I then ripped a thin strip the thickness of my blade - which just happened to match the thickness of the hinge plate and glued the piece back together with spaces for the hinges to fit into.

Here is the glued up support piece and the rest of the pieces needed for the frame. I need more clamps! :









Nice fit on the hinges:









Once the glued had dried I scrapped it and sanded the piece down for a nice finish and began assembling the frame.
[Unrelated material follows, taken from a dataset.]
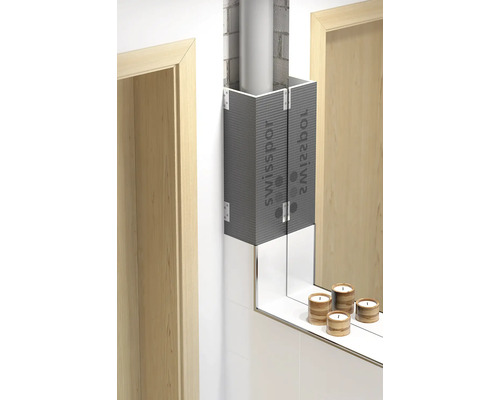 Badrumsscen med ett inklätt rör och spegelhylla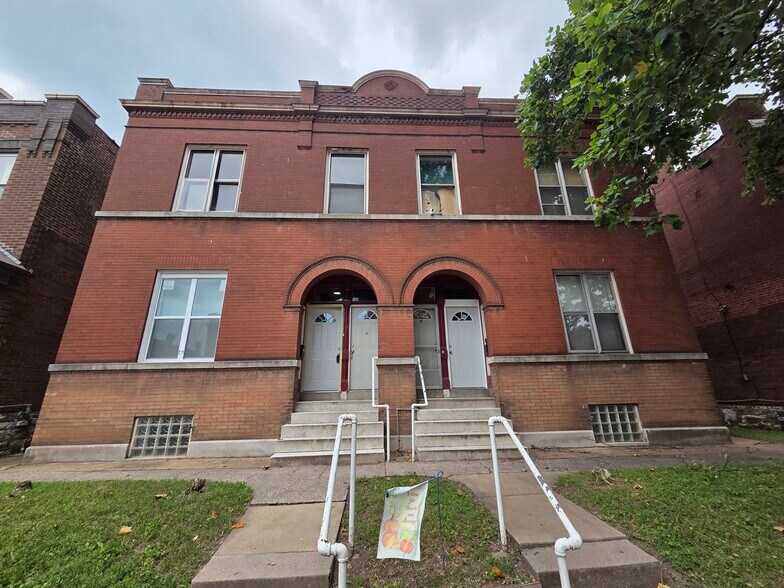 Building Photo - 4421 Pennsylvania Ave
At this point I made another change to the design by adding further support to the hinge mounting area.

Notice the blocks closest to the saw - these provide both additional structural support (the top of this table will be 3/4" MDF - and a little heavy) as well as a way to secure the hinges to the frame.

You can see that the hinges are nice and snug against the frame:









Once completed this will change my table size from 27 to 60 inches :


----------



## thehammer (Jan 31, 2009)

Drifter said:


> *Fabricating the frame*
> 
> So, I decided to build an out feed table for my table saw to make it easier to handle larger pieces of material. Because I am working with limited space - like so many others out there - decided to make it a fold away support. I had some old/new door hinges stored away so they are the basis of the geometry for folding the table down.
> 
> ...


Nice fit on the hinges definatly! Now let's see the finished product. If you're just going to use MDF for the top, are you going to Laminate it? If not, I would cover the top & bottom with sanding sealer to keep the moisture out. I just used MDF for mine and used sanding sealer and it's help up for 6 years now.

John


----------



## Drifter (Jun 23, 2012)

Drifter said:


> *Fabricating the frame*
> 
> So, I decided to build an out feed table for my table saw to make it easier to handle larger pieces of material. Because I am working with limited space - like so many others out there - decided to make it a fold away support. I had some old/new door hinges stored away so they are the basis of the geometry for folding the table down.
> 
> ...


John:

Thanks for the tip. I was going to either laminate it or cover it with a sealer of some kind. Nice to know the sanding sealer will hold up that long.


----------



## jbswearingen (Jun 27, 2012)

Drifter said:


> *Fabricating the frame*
> 
> So, I decided to build an out feed table for my table saw to make it easier to handle larger pieces of material. Because I am working with limited space - like so many others out there - decided to make it a fold away support. I had some old/new door hinges stored away so they are the basis of the geometry for folding the table down.
> 
> ...


I'll be watching this! I have a Uni I'm refurbing that I want to put a folding table onto. I know I need one, but I'm scared to get started on it…


----------



## sebrame (Jan 15, 2012)

Drifter said:


> *Fabricating the frame*
> 
> So, I decided to build an out feed table for my table saw to make it easier to handle larger pieces of material. Because I am working with limited space - like so many others out there - decided to make it a fold away support. I had some old/new door hinges stored away so they are the basis of the geometry for folding the table down.
> 
> ...


Just ran across this, and was wondering how the outfeed table has held up. Also, wondering if the hinges are friction fit in the slots, and if so, is the friction enough to keep the hinges from sliding out of their slots when the table is lowered?


----------



## Drifter (Jun 23, 2012)

*Finished up and tested*

Got quite a bit accomplished this weekend. I was able to finish putting the out feed table together saturday morning and then move on to the bathroom vanity again. Sure helps having the outfeed table to handle the larger parts as well as being able to puch through the smaller items without worring about holding on to them on the back side of the saw table.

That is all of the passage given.